We now turn to two model modifications: First, we test a rival structural model to enhance our confidence in the focal model further, and second, we introduce the potential moderators of product category involvement and consumer relationship proneness, in accordance with our prior theorizing.

A Rival Model

It is generally agreed that researchers should compare rival models and not just test the performance of a proposed model (Bagozzi and Yi 1988). In discussing the construct of perceived relationship investment previously, we provided a theoretical basis for positioning perceived relationship investment as a mediating variable. Because our parsimonious hypothesized model allows no direct paths from any of the four relationship marketing tactics to relationship quality or to behavioral loyalty, it implies a central nomological status for relationship investment. A nonparsimonious rival model would hypothesize only direct paths from each of the precursors to the outcomes relationship quality and behavioral loyalty. This model makes relationship investment nomologically similar to the four relationship marketing tactics. The tested rival model (see Figure 2) therefore permits no indirect effects, implying that relationship investment is not allowed to mediate any of the relationships.

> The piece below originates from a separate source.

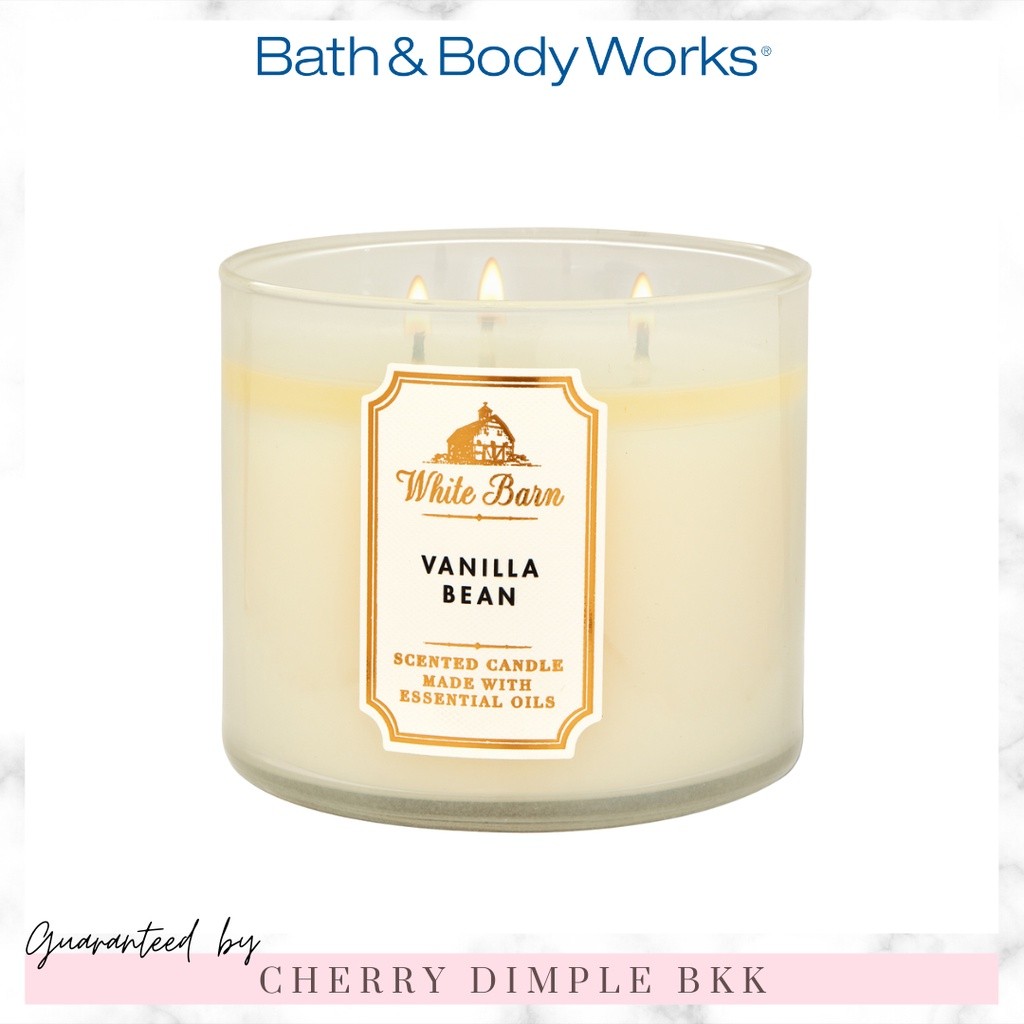 ของแท้·ส่งไว·ถูก BATH AND BODY WORKS เทียนหอม "Vanilla Bean" 3-wicks CANDLE ขนาดใหญ่ 3 หัวจุด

On the basis of Morgan and Hunt (1994), we compared our hypothesized model with the rival model on the following criteria:4 overall fit, parsimony, percentage of either model's parameters that were statistically significant, and R2s for the endogenous constructs. With respect to overall fit, the average CFI of the rival model was slightly higher than that of the hypothesized model (.947 versus .938), and the rival model's mean ratio of chi-square to degrees of freedom was slightly lower than that of the hypothesized model (2.24 versus 2.32). Note, however, that to achieve this slight increase in fit, we needed to estimate four additional paths in the rival model, which reduced the rival model's parsimony and partially offset the incremental improvement in fit. In addition, only 47% of the paths in the rival model were significant as opposed to 67% in the hypothesized model, which suggested that the additional paths were not meaningful theoretically or empirically. Finally, the average explained variance of relationship quality was .56 in the rival model as opposed to .47 in the hypothesized model. This is not surprising because in addition to relationship investment, as a precursor of relationship quality, four extra antecedents were modeled to explain relationship quality in the rival model. In contrast, the average explained variance of behavioral loyalty was only .12 in the rival model as opposed to .14 in the hypothesized model. This means that the explanatory power of relationship quality as a single antecedent of behavioral loyalty is stronger than the combined explanatory power of the four relationship marketing tactics plus relationship investment.

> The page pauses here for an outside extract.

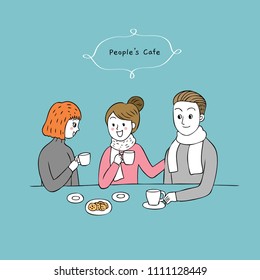 Cartoon cute people talking in cafe vector.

On the basis of these findings, we believe that the exercise of fitting a rival model has strengthened the support we found for the meaningfulness and robustness of our hypothesized model. In addition to the conceptual support found for positioning perceived relationship investment as a mediating variable in the hypothesized model, the rival model empirically demonstrates its added value. Neglecting the mediating role of this construct reduces its parsimony and results in a lower percentage of significant path coefficients.

Moderating Influences

We tested moderating effects through multigroup analyses, splitting the samples into subsamples according to whether consumers scored high or low on the moderating variables to ensure within-group homogeneity and between-group heterogeneity. The subgroup method is a commonly preferred technique for detecting moderating effects (Stone and Hollenbeck 1989). For each moderator, Table 5 displays the results for 12 separate structural model estimations in terms of chi-square and degrees of freedom.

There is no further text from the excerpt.